Entrevista ao Treinador Diogo Correia

1. Pequena apresentação Pessoal
O meu nome é Diogo André Ferreira da Silva Gonçalves Correia, tenho 30 anos, feitos dia 19 de Fevereiro. Sou natural de Famões, Odivelas.
Trabalho atualmente no departamento de IT da Teleperformance, mas a grande paixão é sem dúvida o futebol.

2. Quando começou no mundo do Futebol?
Comecei no mundo do futebol enquanto treinador em 2016/17 como treinador-adjunto da equipa de Iniciados A do Palmelense FC, na margem Sul (Palmela), não foi fácil fazer tantas deslocações para Palmela durante a semana, mas é como dizem, quem corre por gosto não cansa.

Após alguns meses e com o bom trabalho feito, fui convidado a integrar as equipas da EF Belém de Odivelas, fiquei como adjunto de Infantis A, e mais tarde como treinador principal desse mesmo escalão.

Com os conhecimentos que fui adquirindo na AF Setúbal nos tempos em que estive em Palmela, inscrevi-me no curso UEFA C que concluí no final desse ano, sendo que para fazer o estágio fui para o CER Tenente Valdez, que me acolheu muito bem, fiz o estágio todo lá e depois continuei no clube como treinador e Head Scout (Observador Principal), pois também fiz um curso da International Profissional Scouting Organisation (IPSO) que me deu essas valências.

Após 2 anos surgiu a oportunidade de vir para o CD Belas, ajudar os Infantis A a fazer a sua adaptação ao futebol 11, com base na experiência até ao momento adquirida foi um processo que já havia feito e no entanto um desafio muito grande, e como treinador ambicioso o facto do desafio ser grande é como um combustível que nos faz trabalhar mais e mais.
 

3. Qual a maior dificuldade de treinar crianças/jovens e como contornar essa dificuldade
Por vezes a quantidade de brincadeira durante os treinos é um problema, assim como o facto de estarem numa idade de irreverência, em que as respostas por vezes não são as melhores, mas é tudo um processo de conhecimento individual do atleta, do que o motiva e que o move a estar ali e utilizar esses estímulos para tirar o melhor de cada um, sempre em prol do grupo.
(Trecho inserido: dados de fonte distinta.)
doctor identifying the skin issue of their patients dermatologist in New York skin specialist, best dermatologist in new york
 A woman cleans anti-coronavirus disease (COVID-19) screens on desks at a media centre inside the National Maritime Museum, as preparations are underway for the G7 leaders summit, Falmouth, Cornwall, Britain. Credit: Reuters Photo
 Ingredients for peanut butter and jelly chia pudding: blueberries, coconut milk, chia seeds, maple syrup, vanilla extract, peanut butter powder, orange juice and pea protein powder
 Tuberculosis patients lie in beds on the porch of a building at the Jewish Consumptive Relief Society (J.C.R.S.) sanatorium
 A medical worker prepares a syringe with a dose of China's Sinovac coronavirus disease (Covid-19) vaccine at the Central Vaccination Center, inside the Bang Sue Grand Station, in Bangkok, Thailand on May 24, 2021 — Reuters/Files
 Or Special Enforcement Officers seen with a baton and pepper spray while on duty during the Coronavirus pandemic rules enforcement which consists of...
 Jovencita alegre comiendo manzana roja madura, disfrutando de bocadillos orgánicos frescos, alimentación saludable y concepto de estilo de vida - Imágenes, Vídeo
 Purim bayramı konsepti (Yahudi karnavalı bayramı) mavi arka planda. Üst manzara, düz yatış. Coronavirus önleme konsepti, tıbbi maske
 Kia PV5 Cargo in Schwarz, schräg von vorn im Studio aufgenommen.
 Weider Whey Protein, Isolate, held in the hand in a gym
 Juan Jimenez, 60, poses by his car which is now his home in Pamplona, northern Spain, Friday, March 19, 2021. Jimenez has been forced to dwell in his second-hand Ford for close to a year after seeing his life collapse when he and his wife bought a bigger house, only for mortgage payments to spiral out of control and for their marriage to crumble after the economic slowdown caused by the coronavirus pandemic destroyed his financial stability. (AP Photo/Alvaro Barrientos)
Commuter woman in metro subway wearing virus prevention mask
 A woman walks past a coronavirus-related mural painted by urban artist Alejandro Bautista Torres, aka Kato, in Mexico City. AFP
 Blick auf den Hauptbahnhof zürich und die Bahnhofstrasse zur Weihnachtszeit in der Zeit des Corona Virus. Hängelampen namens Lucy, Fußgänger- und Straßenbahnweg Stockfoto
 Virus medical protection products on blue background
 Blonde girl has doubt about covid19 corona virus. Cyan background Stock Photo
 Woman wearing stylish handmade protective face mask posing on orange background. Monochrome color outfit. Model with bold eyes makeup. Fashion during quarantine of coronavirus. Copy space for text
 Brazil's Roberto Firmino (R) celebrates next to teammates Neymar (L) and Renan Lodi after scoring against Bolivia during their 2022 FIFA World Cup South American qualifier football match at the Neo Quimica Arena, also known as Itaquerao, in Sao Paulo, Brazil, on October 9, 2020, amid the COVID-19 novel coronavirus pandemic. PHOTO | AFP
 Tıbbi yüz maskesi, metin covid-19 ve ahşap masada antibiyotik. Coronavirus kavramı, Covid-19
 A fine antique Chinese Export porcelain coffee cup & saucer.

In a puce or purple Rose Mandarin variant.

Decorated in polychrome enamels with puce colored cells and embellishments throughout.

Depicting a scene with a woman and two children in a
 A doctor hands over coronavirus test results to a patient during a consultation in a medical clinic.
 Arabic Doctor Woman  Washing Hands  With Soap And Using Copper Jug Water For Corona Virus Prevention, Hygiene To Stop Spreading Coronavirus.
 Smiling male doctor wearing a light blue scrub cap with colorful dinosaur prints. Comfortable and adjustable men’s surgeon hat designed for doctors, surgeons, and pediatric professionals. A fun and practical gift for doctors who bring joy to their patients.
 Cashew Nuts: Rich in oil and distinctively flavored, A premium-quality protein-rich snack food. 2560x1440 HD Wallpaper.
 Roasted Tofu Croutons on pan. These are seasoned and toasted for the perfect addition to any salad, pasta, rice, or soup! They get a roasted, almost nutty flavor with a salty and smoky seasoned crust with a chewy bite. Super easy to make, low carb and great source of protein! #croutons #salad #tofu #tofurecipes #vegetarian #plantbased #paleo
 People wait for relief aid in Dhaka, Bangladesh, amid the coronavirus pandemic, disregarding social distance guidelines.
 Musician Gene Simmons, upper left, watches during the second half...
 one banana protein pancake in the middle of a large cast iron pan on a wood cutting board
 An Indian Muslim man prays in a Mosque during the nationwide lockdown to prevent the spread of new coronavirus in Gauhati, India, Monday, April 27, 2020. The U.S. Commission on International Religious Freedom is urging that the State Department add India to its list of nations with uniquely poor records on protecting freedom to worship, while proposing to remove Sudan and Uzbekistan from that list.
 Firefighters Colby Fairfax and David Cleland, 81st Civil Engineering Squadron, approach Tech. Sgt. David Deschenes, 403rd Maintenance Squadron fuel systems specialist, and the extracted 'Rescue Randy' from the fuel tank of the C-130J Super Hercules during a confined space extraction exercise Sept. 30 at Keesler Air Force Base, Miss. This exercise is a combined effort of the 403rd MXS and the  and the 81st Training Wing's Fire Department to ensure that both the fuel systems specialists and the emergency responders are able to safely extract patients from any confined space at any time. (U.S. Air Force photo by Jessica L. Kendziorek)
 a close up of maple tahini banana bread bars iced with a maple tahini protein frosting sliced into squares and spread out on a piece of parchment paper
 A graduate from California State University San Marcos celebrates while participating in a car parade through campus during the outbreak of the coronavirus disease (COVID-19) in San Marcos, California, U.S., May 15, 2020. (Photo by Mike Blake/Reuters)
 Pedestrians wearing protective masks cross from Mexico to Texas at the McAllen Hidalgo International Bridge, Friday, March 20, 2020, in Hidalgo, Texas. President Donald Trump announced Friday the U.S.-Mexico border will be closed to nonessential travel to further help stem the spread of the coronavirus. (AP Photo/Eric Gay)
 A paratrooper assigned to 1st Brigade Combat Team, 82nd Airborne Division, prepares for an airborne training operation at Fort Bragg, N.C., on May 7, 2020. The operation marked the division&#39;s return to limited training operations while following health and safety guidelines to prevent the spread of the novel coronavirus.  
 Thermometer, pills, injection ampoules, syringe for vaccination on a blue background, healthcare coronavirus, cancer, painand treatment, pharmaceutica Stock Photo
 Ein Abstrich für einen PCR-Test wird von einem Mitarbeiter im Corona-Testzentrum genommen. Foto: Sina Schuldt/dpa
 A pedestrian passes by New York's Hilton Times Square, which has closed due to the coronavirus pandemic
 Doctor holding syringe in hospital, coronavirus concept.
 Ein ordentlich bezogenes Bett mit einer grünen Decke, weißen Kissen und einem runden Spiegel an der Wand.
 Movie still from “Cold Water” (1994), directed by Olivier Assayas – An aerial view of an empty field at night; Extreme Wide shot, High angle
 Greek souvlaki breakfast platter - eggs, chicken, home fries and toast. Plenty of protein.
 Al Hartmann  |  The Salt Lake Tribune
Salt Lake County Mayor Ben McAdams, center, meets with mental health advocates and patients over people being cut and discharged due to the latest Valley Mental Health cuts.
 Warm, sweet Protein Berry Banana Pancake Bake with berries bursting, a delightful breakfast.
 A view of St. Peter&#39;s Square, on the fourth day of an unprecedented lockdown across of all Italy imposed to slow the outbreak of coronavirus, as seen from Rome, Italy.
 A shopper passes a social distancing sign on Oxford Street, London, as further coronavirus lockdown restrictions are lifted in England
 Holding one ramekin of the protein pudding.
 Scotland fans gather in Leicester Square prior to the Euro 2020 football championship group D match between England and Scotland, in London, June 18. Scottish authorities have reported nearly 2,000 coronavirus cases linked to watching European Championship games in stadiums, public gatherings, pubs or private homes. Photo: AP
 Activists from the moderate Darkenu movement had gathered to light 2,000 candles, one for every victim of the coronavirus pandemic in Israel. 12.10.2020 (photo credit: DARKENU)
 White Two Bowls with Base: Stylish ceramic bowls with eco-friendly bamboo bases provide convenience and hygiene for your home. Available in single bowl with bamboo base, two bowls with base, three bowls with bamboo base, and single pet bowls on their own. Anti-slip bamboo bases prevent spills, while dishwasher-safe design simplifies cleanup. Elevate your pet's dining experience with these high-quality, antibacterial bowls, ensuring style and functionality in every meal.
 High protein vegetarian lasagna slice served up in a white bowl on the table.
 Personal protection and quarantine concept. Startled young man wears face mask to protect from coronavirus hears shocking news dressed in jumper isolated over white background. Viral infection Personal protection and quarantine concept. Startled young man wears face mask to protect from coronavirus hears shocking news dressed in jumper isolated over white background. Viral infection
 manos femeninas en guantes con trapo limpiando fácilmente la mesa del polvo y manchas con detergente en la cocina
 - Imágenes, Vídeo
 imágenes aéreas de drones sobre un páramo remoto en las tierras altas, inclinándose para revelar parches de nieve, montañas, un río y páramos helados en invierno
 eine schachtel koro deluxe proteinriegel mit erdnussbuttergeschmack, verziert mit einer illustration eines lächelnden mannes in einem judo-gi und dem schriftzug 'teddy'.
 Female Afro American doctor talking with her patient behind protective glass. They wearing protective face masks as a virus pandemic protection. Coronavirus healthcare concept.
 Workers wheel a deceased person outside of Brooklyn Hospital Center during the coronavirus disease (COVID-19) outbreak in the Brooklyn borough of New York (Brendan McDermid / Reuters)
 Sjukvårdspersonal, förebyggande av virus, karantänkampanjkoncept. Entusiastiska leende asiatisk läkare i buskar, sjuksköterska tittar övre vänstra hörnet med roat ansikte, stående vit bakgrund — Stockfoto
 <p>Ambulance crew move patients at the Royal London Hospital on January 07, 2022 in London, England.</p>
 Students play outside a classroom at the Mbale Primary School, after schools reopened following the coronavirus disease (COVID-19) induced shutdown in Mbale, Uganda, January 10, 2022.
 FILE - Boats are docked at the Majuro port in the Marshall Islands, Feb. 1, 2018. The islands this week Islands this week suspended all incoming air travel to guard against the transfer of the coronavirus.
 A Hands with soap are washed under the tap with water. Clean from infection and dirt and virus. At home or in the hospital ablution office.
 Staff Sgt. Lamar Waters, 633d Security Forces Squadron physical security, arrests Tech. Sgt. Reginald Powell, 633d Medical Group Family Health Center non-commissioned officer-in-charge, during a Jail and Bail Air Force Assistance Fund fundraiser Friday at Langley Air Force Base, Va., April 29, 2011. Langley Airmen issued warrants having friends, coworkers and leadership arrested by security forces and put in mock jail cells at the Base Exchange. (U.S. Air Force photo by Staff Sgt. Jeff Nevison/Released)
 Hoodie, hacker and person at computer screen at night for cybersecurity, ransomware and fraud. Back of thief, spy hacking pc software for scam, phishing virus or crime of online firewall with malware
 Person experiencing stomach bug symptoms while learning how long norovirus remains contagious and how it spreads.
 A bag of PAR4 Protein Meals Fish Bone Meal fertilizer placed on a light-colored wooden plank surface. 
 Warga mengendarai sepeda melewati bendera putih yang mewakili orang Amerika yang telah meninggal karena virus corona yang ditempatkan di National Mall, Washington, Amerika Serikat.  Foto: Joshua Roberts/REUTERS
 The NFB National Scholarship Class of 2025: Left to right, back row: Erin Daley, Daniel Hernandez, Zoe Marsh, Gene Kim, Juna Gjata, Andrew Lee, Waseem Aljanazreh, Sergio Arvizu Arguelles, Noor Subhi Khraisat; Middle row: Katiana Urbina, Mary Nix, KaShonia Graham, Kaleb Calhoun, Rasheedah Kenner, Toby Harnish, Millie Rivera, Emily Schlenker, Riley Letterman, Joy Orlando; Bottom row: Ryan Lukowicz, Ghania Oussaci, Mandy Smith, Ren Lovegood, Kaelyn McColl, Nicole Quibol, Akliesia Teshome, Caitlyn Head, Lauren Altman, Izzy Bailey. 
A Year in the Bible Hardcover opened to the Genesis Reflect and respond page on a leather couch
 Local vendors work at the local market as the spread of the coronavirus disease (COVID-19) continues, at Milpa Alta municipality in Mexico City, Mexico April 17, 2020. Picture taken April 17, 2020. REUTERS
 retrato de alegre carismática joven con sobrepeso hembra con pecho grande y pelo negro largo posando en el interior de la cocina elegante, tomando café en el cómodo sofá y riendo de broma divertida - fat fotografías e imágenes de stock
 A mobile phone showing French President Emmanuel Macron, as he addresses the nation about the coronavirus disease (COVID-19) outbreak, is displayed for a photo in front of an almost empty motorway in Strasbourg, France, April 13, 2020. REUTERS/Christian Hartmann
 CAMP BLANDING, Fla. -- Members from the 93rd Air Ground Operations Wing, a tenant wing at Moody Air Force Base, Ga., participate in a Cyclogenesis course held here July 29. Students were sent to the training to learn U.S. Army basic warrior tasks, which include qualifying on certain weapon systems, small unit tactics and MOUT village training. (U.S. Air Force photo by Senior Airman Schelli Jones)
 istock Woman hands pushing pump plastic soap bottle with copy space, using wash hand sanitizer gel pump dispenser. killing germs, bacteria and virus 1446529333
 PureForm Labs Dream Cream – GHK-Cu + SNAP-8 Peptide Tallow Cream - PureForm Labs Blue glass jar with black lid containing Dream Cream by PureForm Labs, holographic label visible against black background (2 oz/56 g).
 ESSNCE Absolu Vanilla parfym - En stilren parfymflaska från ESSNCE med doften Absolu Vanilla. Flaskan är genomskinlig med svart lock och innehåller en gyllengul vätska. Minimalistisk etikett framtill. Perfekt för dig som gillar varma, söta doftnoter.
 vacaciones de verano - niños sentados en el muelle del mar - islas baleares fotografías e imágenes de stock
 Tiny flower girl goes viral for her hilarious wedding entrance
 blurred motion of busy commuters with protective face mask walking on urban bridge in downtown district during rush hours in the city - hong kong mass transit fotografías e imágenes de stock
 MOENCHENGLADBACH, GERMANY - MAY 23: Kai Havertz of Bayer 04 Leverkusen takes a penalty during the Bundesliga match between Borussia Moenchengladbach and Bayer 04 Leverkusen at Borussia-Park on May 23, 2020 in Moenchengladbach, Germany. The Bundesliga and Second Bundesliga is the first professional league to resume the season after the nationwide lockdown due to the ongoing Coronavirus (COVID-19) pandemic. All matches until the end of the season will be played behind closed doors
Ser treinador é também ser um amigo do atleta.

4. Indique um momento que tenha ficado na memória durante o percurso no Clube Desportivo de Belas
Posso salientar 2, o jogo frente ao Lourel, fora, em que precisávamos de uma vitória mesmo sabendo da dificuldade acrescida do jogo, e soubemos manter o plano defensivo até à reta final e jogar no contra-ataque puro, que resultou em golo a 5 minutos do fim, garantindo os 3 pontos e a festa dos nossos rapazes, com isso voltamos a entrar na corrida pelo 2º lugar.

O outro é obviamente o jogo com o Despertar que nos garantiu o 2º lugar e a cereja no topo do bolo, de uma época muito difícil em todos os aspetos.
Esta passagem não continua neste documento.